# Coyote killing video



## Lukeos (Oct 12, 2008)

Me and my buddy got one of our calls on my video camera, it came in at about 10 yards. Shoulda had a shotgun lol. Here it is.


----------



## kvernum3 (Aug 8, 2005)

ya that was a good call call.. it was fun


----------



## dynarider68 (Mar 18, 2007)

that was freakin SWEEEEEEEEEET!! way to go..


----------



## Spanker (Jun 27, 2007)

Luke!
Excellent video. Did you shoot that one with your freshly painted Cow gun? I thought I saw the barrel of it at the end of the video.


----------



## Fallguy (Jan 23, 2004)

Cool video.
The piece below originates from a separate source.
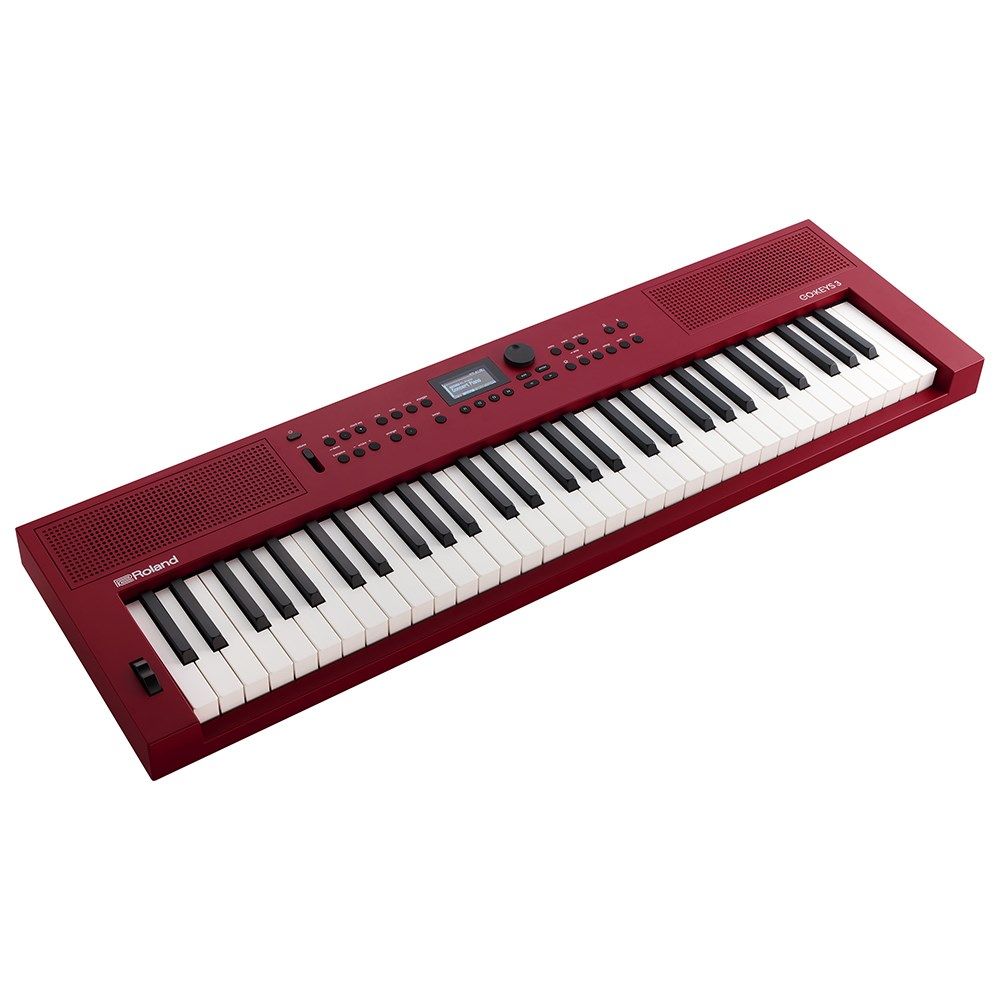 Roland GO:KEYS 3 61-Key Music Creation Keyboard (Red) | Store DJ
We want to try that sometime.


----------



## nosib (Dec 4, 2008)

That coyote was thinking he had a nice hot meal...... until he saw you two standing there and he decided to make mental note that he should never come to a call anymore. The bad thing was that he came a little too close and got shot so that mental note is gone.


----------



## hunt4P&amp;Y (Sep 23, 2004)

Very good video!


----------



## johngfoster (Oct 21, 2007)

Very nice!


----------



## lillopad (Oct 27, 2008)

Man that's beautiful! Living just outside the Twin Cities, we don't see open terrain like that. Yeh, I can kill a whitetail this afternoon if I wanted to... with the bumper of my truck if so desired. But land like that is amazing! I am trying to convince the wife to pack up and move out west, but there's this little thing called a job that keeps getting in the way!

I don't know who you hunt with, but TAKE A KID if you can. Those experiences and memories are what keep our outdoor sports alive!


----------